DALLAS — With its light-filled open spaces, massive windows, and wood-lined floors, the Nasher Sculpture Center feels like the kind of place where visitors should whisper, or maybe meditate. Its director, Jeremy Strick, speaks quite softly indeed while walking through the airy corridors. It is difficult to imagine anything disturbing this serene, Renzo Piano-designed building or its eminently even-tempered director. But then, you look up.
Strick is currently embroiled in a bitter dispute with the park’s next-door neighbor, Dallas’s Museum Tower, a shiny luxury condominium rising high above the skylit Nasher.
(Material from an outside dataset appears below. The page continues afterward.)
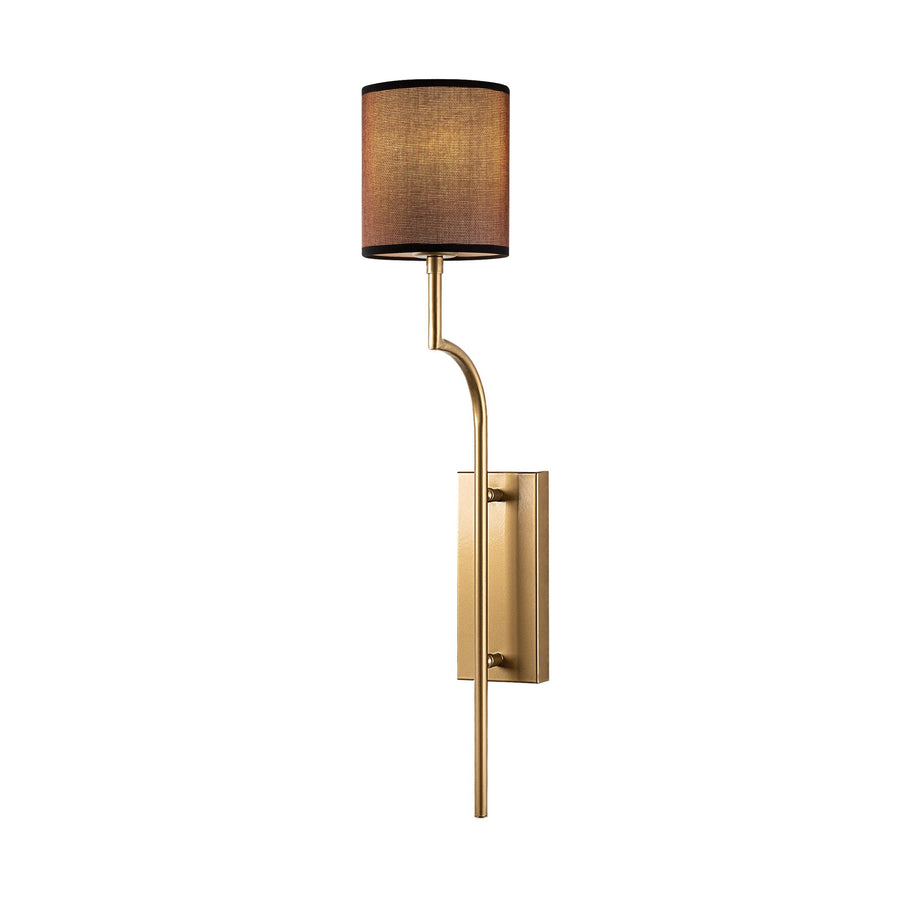 Silindir Kumas Abajurlu Metal Aplik - Kahve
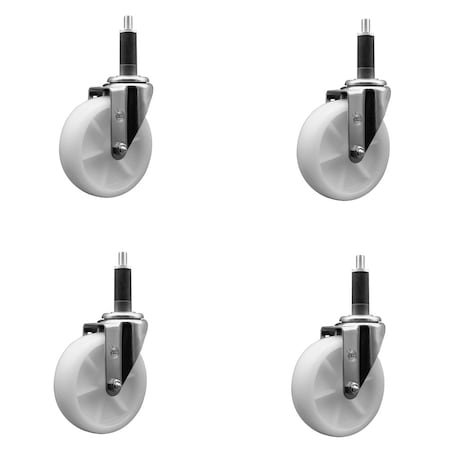 Service Caster 5'' SS Nylon Wheel Swivel 1'' Expanding Stem Caster Set, 4PK SCC-SSEX20S514-NYS-1-4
Reflections cast by the tower’s deliberately reflective surface — which are 200 percent more reflective than was permitted in a now-expired agreement between the original landowner and developer — are so intense that they are threatening the art on view at the Nasher.
The effects are dramatic: Moving forward, the museum will not be able to install “anything polychrome, or anything with pigment that may be damaged by excessive light,” according to Strick. Almost a third of the Nasher’s permanent collection is comprised of paintings or drawings, which are now too delicate to go on view. “It will change our program and our business,” Strick told ARTINFO on a recent trip to Dallas. “At this point there are shows we can’t schedule, and works of art that won’t go on view.”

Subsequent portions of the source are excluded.